Mrs Parore's Laundry
Use simple problem solving strategies;
Solve a simple problem involving number.
This problem is at the beginning of problem solving. It should help the students see how to use simple strategies such as use equipment and draw pictures. It’s also a good way to get them to start counting in twos.
The problem is also at the beginning of looking for patterns. By looking at different numbers of towels when two pegs are used, the students can begin to see that there is the pattern of doubling. If one peg is used between a pair of towels, the students can find another pattern.
Naturally patterns are at the base of mathematics. Almost all mathematical activity is aimed at finding a pattern of some sort. Theorems, the true statements of mathematics, are ways that sophisticated patterns are expressed. For instance, Pythagoras’ Theorem, that says that the square of the length of the hypotenuse is the sum of the squares of the lengths of the other two sides, is a pattern about the lengths of the sides in a right-angled triangle.
We’ve posed two types of problem here. One depends on using two different pegs for each towel. The other uses two pegs per towel but some pegs can be used on two different towels. You may like to use these two methods of hanging clothes in two different lessons.

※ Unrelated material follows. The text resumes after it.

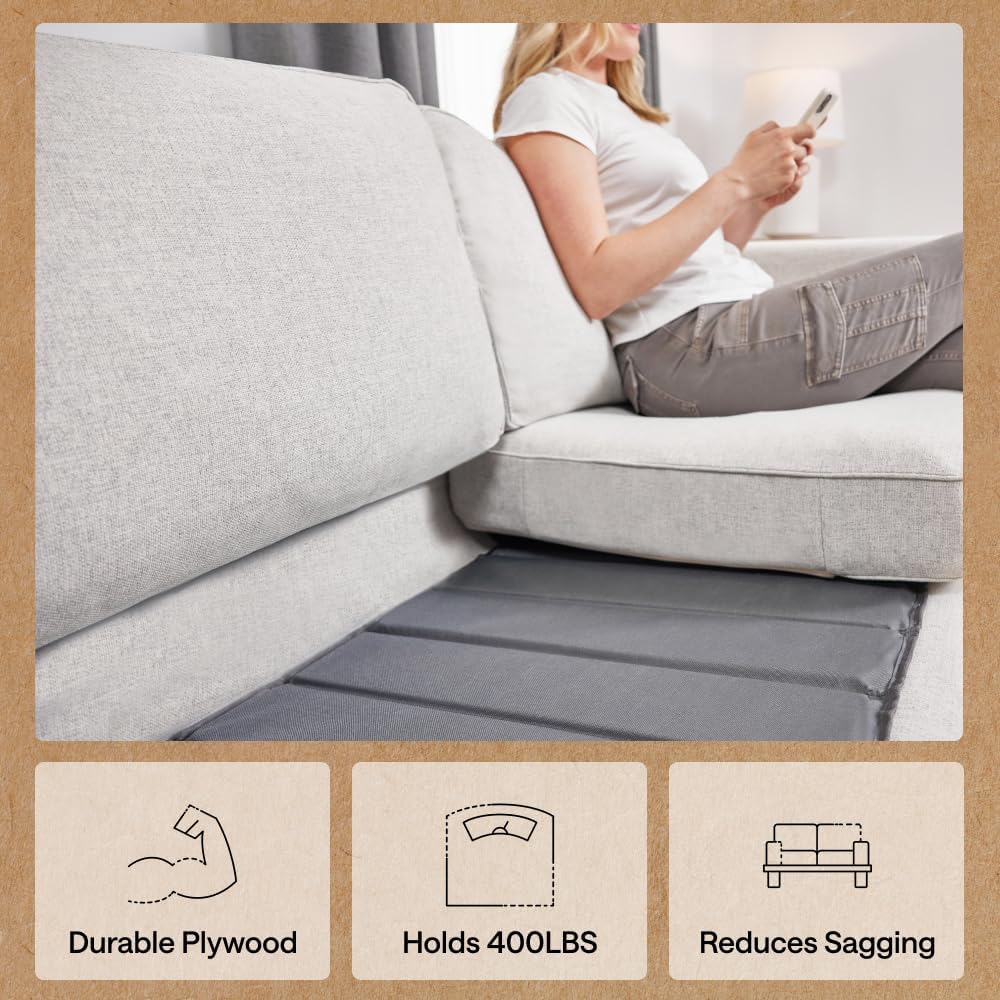 GORILLA GRIP Heavy Duty Couch Cushion Support Board to Fix Sagging Sofas, 21.5 x 70 Sofa, Thick Plywood Boards Add Strong Seat Supports, Stays in Place, Replacement Stuffing Under Couches, Grey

- Mrs Parore is hanging out her towels to dry. She puts two pegs on each towel. If she has 4 towels, how many pegs will she need?
- Mrs Parore sees that her peg box is running low. So she puts one peg on the corner of two towels. This way she only needs 3 pegs for 2 towels. How many pegs will she need for 4 towels now?
- Talk about washing.
Does your family hang clothes out on a line?
Can you show me how she hangs out her clothes to dry?
How does she use the pegs?
- Get some of the students to hang out some ‘washing’ on a line in the classroom. Let them use two pegs per piece of clothing.
How many pegs did they use?
- Tell them Mrs Parore’s first problem. Let them go back to their seats to solve the problem.
- Help groups that need it. For the quicker groups, encourage them to try the Extension.
- Let a few groups report back to the whole class.
Mrs Parore needed to use 12 pegs to hang out her towels. (Two pegs per towel and each peg is only used to hang one towel.) How many towels did she wash?
If Mrs Parore is using the peg-saving method of hanging out her washing, how many towels can she hang with 9 pegs?
If students are using a drawing strategy, they will draw four shapes for the towels. Then they will put two ‘pegs’ per shape. Counting the peg shapes gives 8 pegs.
Using equipment for the second type of problem, they might link the ‘clothes’ with paper clip ‘pegs’. Once four towels have been strung together the students can count the 5 pegs that are needed.
Solution to the Extension:
The students first need to draw 12 pegs. Then they might draw a towel and joining two of the pegs. They then repeat this until they have joined all 12 pegs in pairs. It’s now just a matter of counting the 6 towels they have drawn.
Using equipment, the students should first count out the 9 pegs. They then join up the towels with the pegs. Finally they can count the 8 towels that they have hung up.